I - L'homme qu'on appelait Sombre-Lame (2/6)

Le sommeil, qui avait fini par le gagner après bien des heures de dur labeur, lui fut arraché comme tout bonheur. Un bruit s'était manifesté, et son ouïe affutée, née de son hybridation, avait aussitôt fait frémir la pointe supérieure de son oreille. Sa main droite avait instantanément saisie la fusée de sa broadsword, sans pour autant la dégainer.

Il ne bougea pas, guettant tout autre son en fermant les yeux. Il l'entendait distinctement, cette série de pas affolés qui faisait craquer la neige et les branches cachées en dessous. En se concentrant plus encore, il perçut les battements du cœur, véloces par la peur qui les fouaillait comme une lance dans une poitrine. Ce chant du cœur lui permit d'identifier à qui il pouvait appartenir : une jeune fille, selon toute vraisemblance humanoïde sans être humaine. Une fée ? Non, ses ailes frémiraient à chacun de ses pas, même abîmées. Une cendreuse ? Non plus, car le feu qui brûlait en leur sein produisait un chant extrêmement doux et réconfortant en toutes circonstances.

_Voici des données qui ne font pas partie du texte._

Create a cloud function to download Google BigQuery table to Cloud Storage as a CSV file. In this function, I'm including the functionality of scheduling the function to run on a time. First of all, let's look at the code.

Ce ne pouvait être qu'une elfe, une très jeune elfe encore ignorante de bien des choses, terrifiée par ce qui la poursuivait de près.

Un bruit plus lourd que les autres survint : elle venait de tomber. Elle voulut se relever, mais elle n'y parvint pas. Aux légers râles qu'elle émettait, il comprit qu'elle s'était blessée en chutant. Son instinct premier le poussa à sortir des entrailles du dolmen pour l'aider, mais il se ravisa en entendant distinctement les hurlements des grands-loups qui l'encerclaient.

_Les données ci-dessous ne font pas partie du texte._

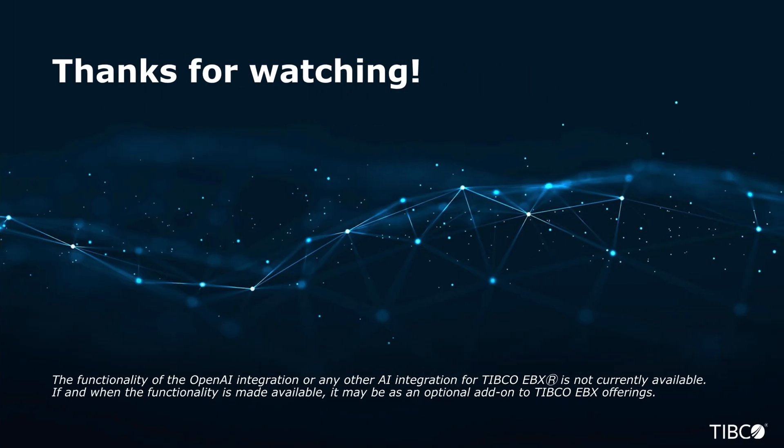Thanks for watching. This groundbreaking proof of concept brings the future of master data management to our fingertips. Stay tuned for more innovations ahead and feel free to reach out for more information.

Il soupira imperceptiblement. Il n'y avait bien qu'une loi qui régissait ce monde : celle du plus fort. Que faisait cette elfette dans les bois ? Pourquoi avait-elle pénétré cette frontière qui la séparait du danger que représentaient les Téraï du nord ? La paix semblait pourtant régner dans cette partie du territoire, bien que la Grande Guerre eût été déclarée entre tous les peuples depuis cinq ans maintenant.

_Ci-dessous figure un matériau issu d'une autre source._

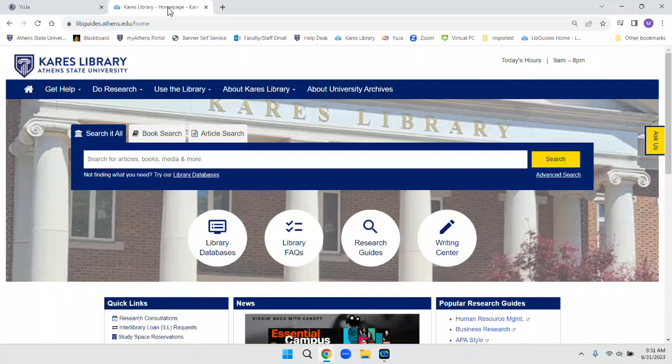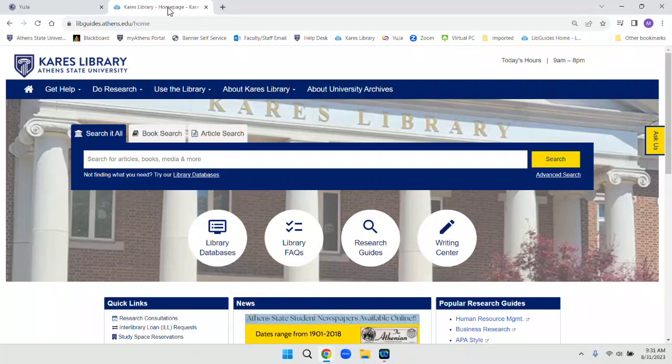This is a short video to show you how to log in to the library from off campus.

Il soupira encore. Jamais il ne parviendrait à comprendre la bêtise, pas même celle de la jeunesse. Il pourrait la sauver, il pourrait sortir sa lame et tuer les grands-loups qui s'approchaient de plus en plus de l'elfette, de façon à lui bloquer quelque échappatoire. Mais après tout, elle ne parvenait toujours pas à se lever, et c'étaient désormais les pleurs qui faisaient tressauter son petit corps fragile.

Qu'il abhorrait la faiblesse plus encore que la bêtise...

De nouveaux hurlements s'élevèrent. Les grands-loups étaient là. Ils s'approchèrent, faisant à leur tour craquer la neige et les branches qu'elle camouflait. L'elfette cria de terreur, mais pas très longtemps.

Les grognements furent là, puis un dernier aboiement, avant que les crocs ne déchirent la gorge de l'elfette qui se noya dans son sang.

Il aurait pu sortir. Il aurait pu chasser les grands-loups. Il aurait pu offrir une sépulture décente, à base de libation et d'inhumation, à la jeune sylvestre qui n'était déjà plus. Mais telle était la loi du monde, celle du plus fort.

Il lâcha la garde de son épée, ferma les yeux et s'emmitoufla dans sa peau, derechef en quête du sommeil.

Il le trouva, en même temps que le silence reprenait pleine majesté de la forêt.